5. Protection des données 

L’employeur peut-il me surveiller dans le cadre du télétravail? Des systèmes tels que Microsoft Workplace Analytics ou d’autres instruments d’analyse sont-ils autorisés? 

Tout comme dans l’entreprise, l’employeur doit aussi respecter les limites légales de la surveillance dans le cadre du télétravail. Elles découlent, d’une part, de l’art. 26 de l’ordonnance 3 sur la LTr; cette disposition interdit le strict contrôle du comportement des travailleurs et n’autorise la surveillance pour d’autres raisons que dans la mesure où elle ne nuit pas à leur santé. D’autre part, l’article  328b CO restreint le traitement possible des données des employé-e-s par l’employeur (lors d’une surveillance, des données personnelles des employé-e-s sont automatiquement traitées). De plus, l’art. 328b CO renvoie à la loi sur la protection des données (LPD) et par conséquent à des principes fondamentaux liés au traitement des données, tels que la transparence, la finalité, la sécurité des données et la    proportionnalité. En principe, toutes ces règles ne s’opposent pas à l’utilisation de systèmes d’analyse. Mais de tels instruments ne sont permis que dans la mesure où les limites évoquées destinées à la protection de la personnalité sont respectées.   

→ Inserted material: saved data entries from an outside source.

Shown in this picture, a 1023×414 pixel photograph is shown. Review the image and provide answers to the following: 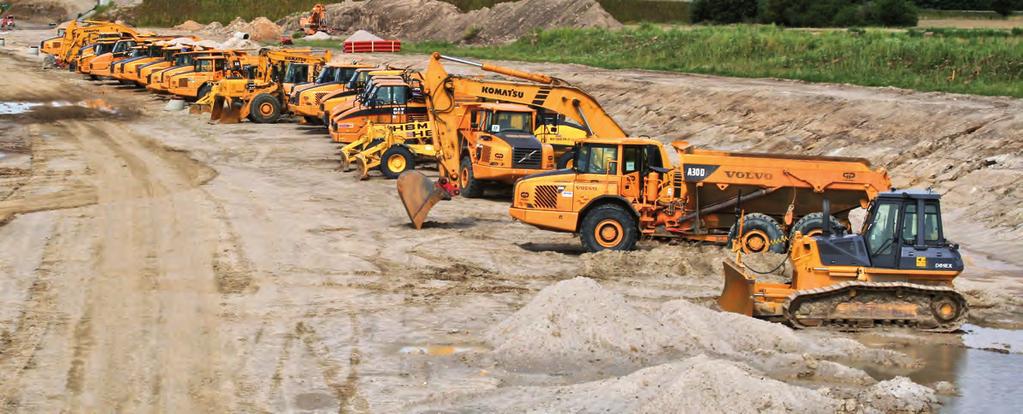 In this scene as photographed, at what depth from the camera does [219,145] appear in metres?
37.2

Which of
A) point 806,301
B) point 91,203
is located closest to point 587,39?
point 91,203

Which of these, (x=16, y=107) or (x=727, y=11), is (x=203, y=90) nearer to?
(x=16, y=107)

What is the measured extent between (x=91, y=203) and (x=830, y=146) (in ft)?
55.2

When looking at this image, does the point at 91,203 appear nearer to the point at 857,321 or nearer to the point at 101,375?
the point at 101,375

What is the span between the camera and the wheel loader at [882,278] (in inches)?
648

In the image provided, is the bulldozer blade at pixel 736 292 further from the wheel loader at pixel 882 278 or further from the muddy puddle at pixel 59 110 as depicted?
the muddy puddle at pixel 59 110

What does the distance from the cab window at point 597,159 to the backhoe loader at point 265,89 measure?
2280 cm

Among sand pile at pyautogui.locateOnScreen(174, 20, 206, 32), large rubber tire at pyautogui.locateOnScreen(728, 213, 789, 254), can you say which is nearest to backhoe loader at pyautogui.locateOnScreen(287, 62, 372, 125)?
large rubber tire at pyautogui.locateOnScreen(728, 213, 789, 254)

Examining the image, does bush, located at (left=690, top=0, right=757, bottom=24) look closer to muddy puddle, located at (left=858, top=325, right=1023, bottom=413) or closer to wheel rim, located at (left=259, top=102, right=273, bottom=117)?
wheel rim, located at (left=259, top=102, right=273, bottom=117)

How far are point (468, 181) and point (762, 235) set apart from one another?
8.56 metres

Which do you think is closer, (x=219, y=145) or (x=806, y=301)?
(x=806, y=301)

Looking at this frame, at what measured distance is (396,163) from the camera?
30.4 meters

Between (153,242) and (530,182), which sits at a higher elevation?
(530,182)

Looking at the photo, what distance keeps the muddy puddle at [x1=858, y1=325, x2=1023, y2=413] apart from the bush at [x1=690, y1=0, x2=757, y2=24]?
68566 millimetres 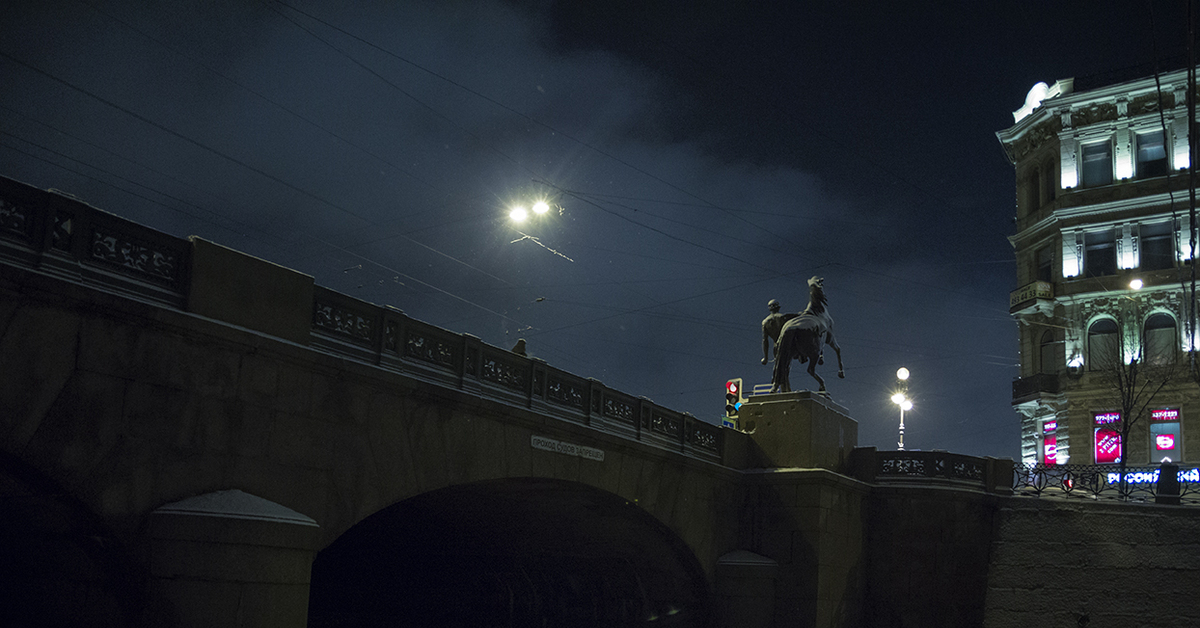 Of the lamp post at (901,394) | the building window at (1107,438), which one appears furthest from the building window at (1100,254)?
the lamp post at (901,394)

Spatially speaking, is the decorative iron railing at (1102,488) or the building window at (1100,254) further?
the building window at (1100,254)

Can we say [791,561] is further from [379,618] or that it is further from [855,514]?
[379,618]

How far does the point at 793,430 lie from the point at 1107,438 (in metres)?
23.2

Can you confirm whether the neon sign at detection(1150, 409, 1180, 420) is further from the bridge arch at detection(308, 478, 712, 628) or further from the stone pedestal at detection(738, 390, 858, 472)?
the bridge arch at detection(308, 478, 712, 628)

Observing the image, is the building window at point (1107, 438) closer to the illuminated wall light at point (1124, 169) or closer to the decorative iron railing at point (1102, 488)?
the illuminated wall light at point (1124, 169)

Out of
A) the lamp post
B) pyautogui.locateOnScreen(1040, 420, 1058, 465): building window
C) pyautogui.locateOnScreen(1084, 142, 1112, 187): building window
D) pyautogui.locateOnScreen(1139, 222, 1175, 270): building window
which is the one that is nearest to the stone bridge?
the lamp post

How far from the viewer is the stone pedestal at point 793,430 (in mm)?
20766

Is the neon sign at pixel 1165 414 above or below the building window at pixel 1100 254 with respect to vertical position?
below

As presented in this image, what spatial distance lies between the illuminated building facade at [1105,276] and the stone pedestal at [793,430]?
20873 millimetres

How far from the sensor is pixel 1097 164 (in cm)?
4016

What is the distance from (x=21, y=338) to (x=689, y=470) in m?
12.9

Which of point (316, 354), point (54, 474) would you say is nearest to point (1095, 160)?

6. Syndicats et conventions collectives de travail 

Quelles sont les lacunes qui existent dans la loi? Qu’est-ce qui doit être réglé par les partenaires sociaux dans les conventions collectives de travail ou les règlements? 

Un droit, au minimum partiel, au télétravail pourrait et devrait faire l’objet d’une réglementation dans une CCT; toute concrétisation au niveau de l’entreprise est judicieuse. 

Les réglementations du Code des obligations relatives à la prise en charge des coûts requièrent elles aussi une concrétisation supplémentaire, qui peut très bien s’opérer dans le cadre d’une CCT. Des solutions de partenariat social permettent de résoudre les difficultés liées au télétravail. On pense à l’isolement social et à la séparation nécessaire que nous avons évoquée entre le travail et les loisirs ou la famille. Les questions concernant la surveillance autorisée et la protection de la santé peuvent aussi être traitées au niveau des CCT. 

Comment peut-on garantir le droit à l’information des syndicats dans le cadre du télétravail? 

Selon le Tribunal fédéral, les syndicats ont un droit d’accès à l’entreprise conformément au droit public et à () la jurisprudence. Si une grande partie des effectifs travaillent en permanence ou souvent à domicile, un tel accès doit être garanti par un canal virtuel, par exemple via des réunions régulières d’information en ligne et par un droit à disposer de «panneaux d’affichage» électroniques à des fins de promotion.  

7. Représentations du personnel et participation 

Comment s’assurer que les employé-e-s qui travaillent à domicile ne soient pas écartés de la participation dans l’entreprise? 

Les organes de participation de l’entreprise peuvent et doivent également être actifs à distance. Des élections pour la composition des organes peuvent également être organisées par le biais de plateformes pertinentes. 

Les représentations du personnel doivent-elles être impliquées dans l’aménagement du télétravail? 

En tout cas, les modèles de télétravail fonctionnent au mieux lorsque les principales personnes concernées sont impliquées dans la prise de décisions. 

8. Télétravail de l’étranger

La question préalable est la suivante: qu’est-ce qui a été convenu avec l’employeur, respectivement quelles sont les directives émises? Si le télétravail est autorisé dans ce contexte, alors rien ne s’y oppose du point de vue du droit du travail. En revanche, des questions délicates se posent en termes d’assurances sociales et d’impôts. 

Merci beaucoup pour cette interview.